DATA FOR THIS TASK below:

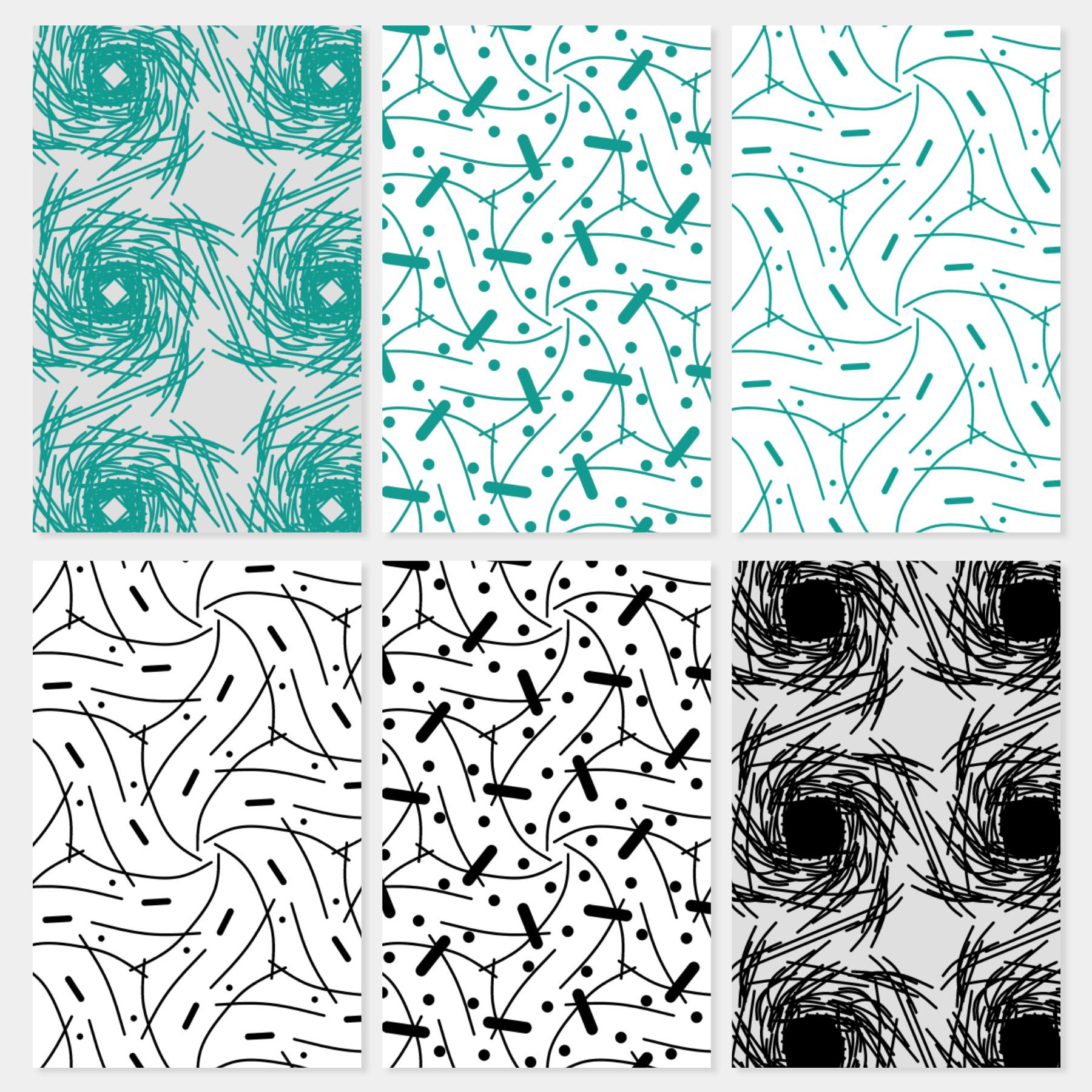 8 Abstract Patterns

End of DATA FOR THIS TASK.
DATA FOR THIS TASK below:

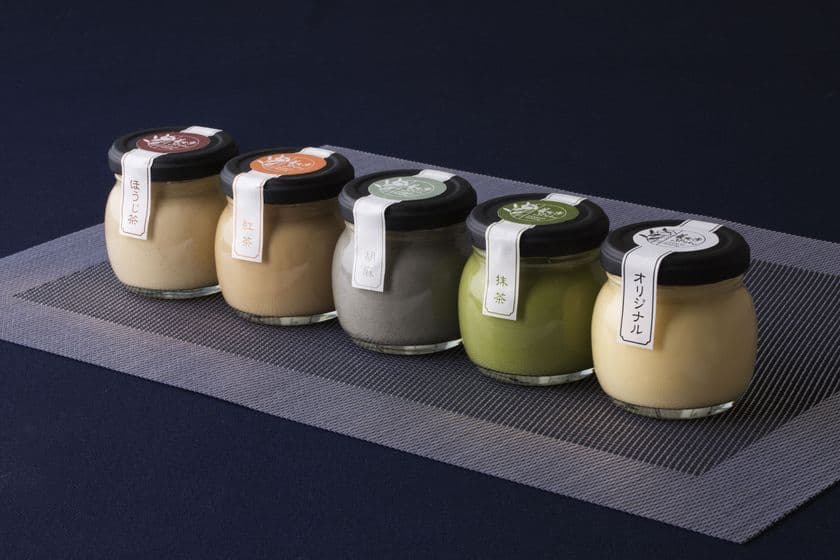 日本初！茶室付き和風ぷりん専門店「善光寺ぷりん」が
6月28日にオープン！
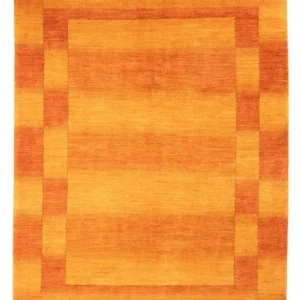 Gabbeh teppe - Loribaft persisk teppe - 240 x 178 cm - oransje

End of DATA FOR THIS TASK.

= WHAT YOU SHOULD DO =
Above are records with pictures. Reproduce exactly only the lines from the line with "日本初！茶室付き和風ぷりん専門店「善光寺ぷりん」が" through the line with "Gabbeh teppe - Loribaft", both ends included, and leave the pictures out.

= EXERCISE SOLUTION =
 日本初！茶室付き和風ぷりん専門店「善光寺ぷりん」が
6月28日にオープン！
 Gabbeh teppe - Loribaft persisk teppe - 240 x 178 cm - oransje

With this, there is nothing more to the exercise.